Para 1958, cuando Gonzalo Arango publicó su Manifiesto nadaísta, el país había soportado diez años de locura y matazón partidista. Cientos de miles habían muerto en los campos sin saber muy bien por qué, casi como los europeos que salieron cantando a luchar por sus naciones en 1914 y acabaron convertidos en alimento de las ratas. Al recuerdo del desastre se sumaba la perspectiva de la guerra atómica. Atrás quedaba el machete, adelante el hongo nuclear. El existencialismo sartreano agregaba un poco más de desazón al aire. ¿Cómo confiar en las tradiciones intelectuales y culturales de un país que había naufragado en sangre? ¿Cómo darse el lujo de esperar por un mejor mañana o asumir las promesas de la ideología o de la religión?
Los jóvenes, advirtió Gonzalo Arango, ya no podían creer más que en ellos mismos. La nueva causa, la única, era su vida, su vida presente y en busca de lo que podía otorgarles satisfacciones inmediatas. Se afiliaron al P. C. No al Partido Comunista, sino a los Pecados Capitales, a todo lo prohibido por la Iglesia, a todo lo que enardecía el cuerpo ya, aquí y ahora, en este mundo y no los otros posibles, celestiales o venideros. Eran poetas y la poesía ofrecía una única verdad. Este mundo no sólo era el mejor, sino el único posible. Ahí fluía la vida; de cada cual dependía zambullirse o verla pasar desde la orilla.
La regeneración espiritual que predicó Gonzalo Arango no sólo promovió la experimentación, la aventura y el desenfreno. Fue anunciada como destrucción. Para apropiarse de la propia existencia, había que deslegitimar antes todos los valores del establishment y de la cultura colombiana. Transgredir, escandalizar, desmitificar. Que no quedara piedra sobre piedra, porque los viejos pedestales elevaban solemnes efigies que miraban a Dios o la humanidad, nunca al propio ombligo, mucho menos un poquitín más abajo. Y era por allí que encontraba inspiración el nadaísmo. Si el principio terrible era la destrucción, el final feliz era la exacerbación de los sentidos.
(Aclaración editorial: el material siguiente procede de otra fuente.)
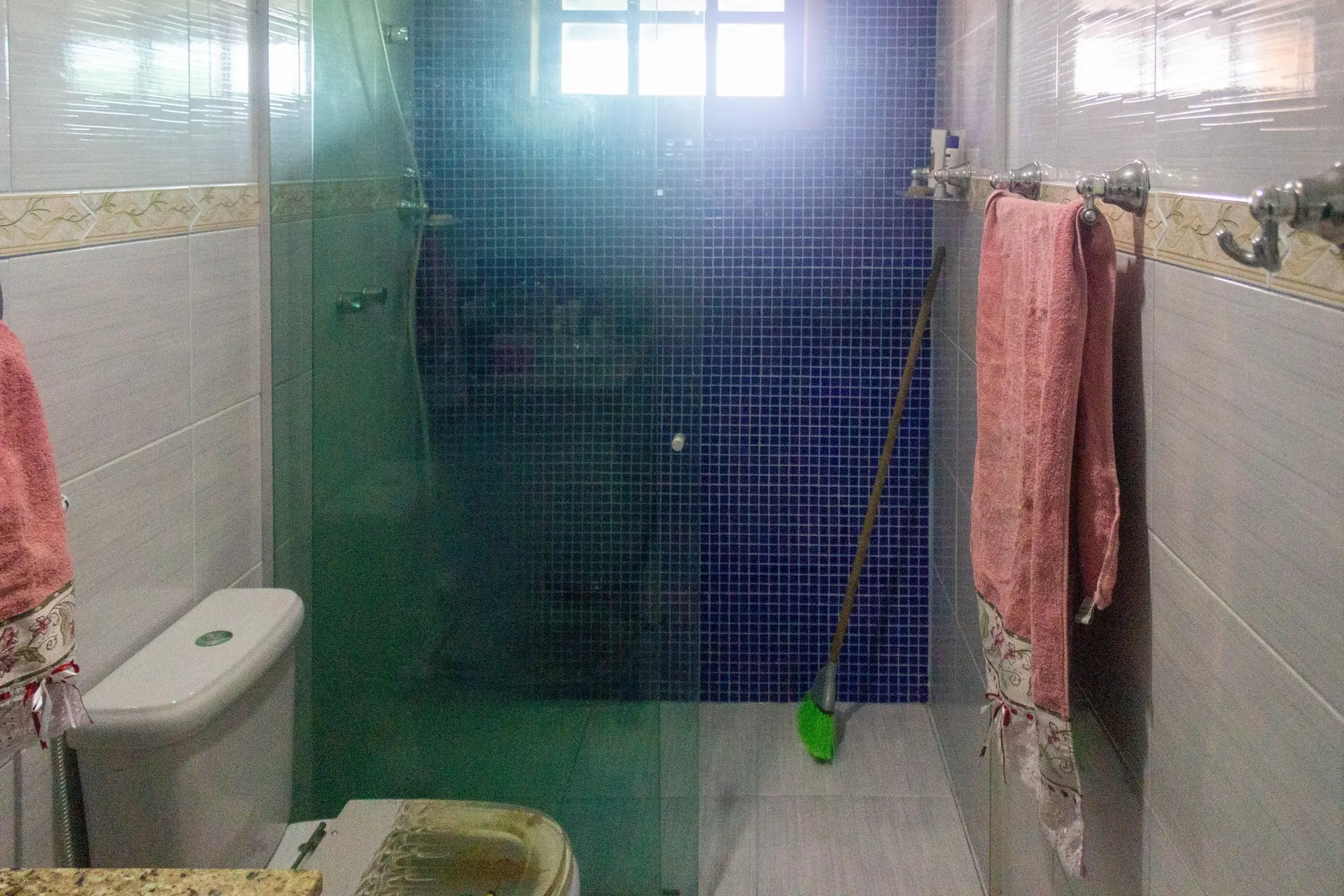 5-bedroom apartment with a washing machine — photo 63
Hubo una visión del amor surrealista y otra hippie, y justo en la mitad se quedó la nadaísta. Para los surrealistas consistía en la devoción total y exclusiva por la persona amada; para los hippies, en la liberación del compromiso y de los tabúes. Gonzalo Arango bebió de aquí y de allá. Lo que se ama, decía, no es de uno. Lo da la vida y a la vida ha de regresar. Pero, ojo. Ha de regresar “limpio y ennoblecido”, porque el amor tiene el deber de engrandecer al otro. La persona que hoy se ama, por efecto de ese amor, deberá ser aún más amada por sus futuros amantes. El amor como libertad que ensalza, como experiencia que araña la vida y forja biografía. En el fondo trágico, nihilista y místico de Gonzalo Arango, latía la más pura generosidad.